She could afford to be gracious; she felt superiority, scorn, and safety.
As this seeming intimacy had matured, Vernon and his partner had quitted
the dance, and were conversing apart in the recess of one of the windows,
which the newspaper readers had deserted, in the part of the room where
Sir Miles and Dalibard, still seated, were about to commence their third
game at chess. The baronet's hand ceased from the task of arranging his
pawns; his eye was upon the pair; and then, after a long and complacent
gaze, it looked round without discovering the object it sought.
"I am about to task your kindness most improperly, Monsieur Dalibard,"
said Sir Miles, with that politeness so displeasing to Ardworth, "but
will you do me the favour to move aside that fold of the screen? I wish
for a better view of our young people. Thank you very much."
Sir Miles now discovered Mainwaring, and observed that, far from
regarding with self-betraying jealousy the apparent flirtation going on
between Lucretia and her kinsman, he was engaged in animated conversation
with the chairman of the quarter sessions. Sir Miles was satisfied, and
ranged his pawns. All this time, and indeed ever since they had sat down
to play, the Provencal had been waiting, with the patience that belonged
to his character, for some observation from Sir Miles on the subject
which, his sagacity perceived, was engrossing his thoughts. There had
been about the old gentleman a fidgety restlessness which showed that
something was on his mind.

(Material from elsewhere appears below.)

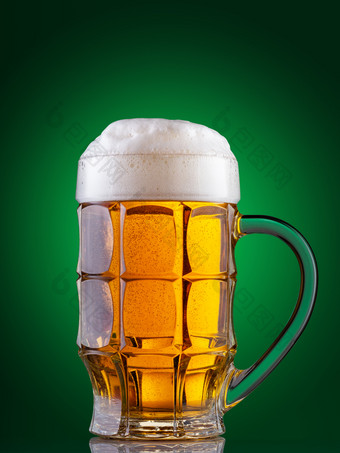 在上雕琢平面的<strong>杯子</strong>光啤酒与泡沫绿色背景在上雕琢平面的<strong>杯子</strong>光啤酒与泡沫绿色背景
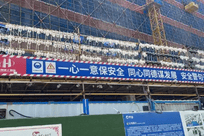 东莞一工地挂了上百个摄像头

His eyes had been frequently turned towards
his niece since her entrance; once or twice he had cleared his throat and
hemmed,--his usual prelude to some more important communication; and
Dalibard had heard him muttering to himself, and fancied he caught the
name of "Mainwaring." And indeed the baronet had been repeatedly on the
verge of sounding his secretary, and as often had been checked both by
pride in himself and pride for Lucretia. It seemed to him beneath his
own dignity and hers even to hint to an inferior a fear, a doubt, of the
heiress of Laughton. Olivier Dalibard could easily have led on his
patron, he could easily, if he pleased it, have dropped words to instil
suspicion and prompt question; but that was not his object,--he rather
shunned than courted any reference to himself upon the matter; for he
knew that Lucretia, if she could suppose that he, however indirectly, had
betrayed her to her uncle, would at once declare his own suit to her, and
so procure his immediate dismissal; while, aware of her powers of
dissimulation and her influence over her uncle, he feared that a single
word from her would suffice to remove all suspicion in Sir Miles, however
ingeniously implanted, and however truthfully grounded. But all the
while, under his apparent calm, his mind was busy and his passions
burning.
"Pshaw! your old play,--the bishop again," said Sir Miles, laughing, as
he moved a knight to frustrate his adversary's supposed plan; and then,
turning back, he once more contemplated the growing familiarity between
Vernon and his niece. This time he could not contain his pleasure.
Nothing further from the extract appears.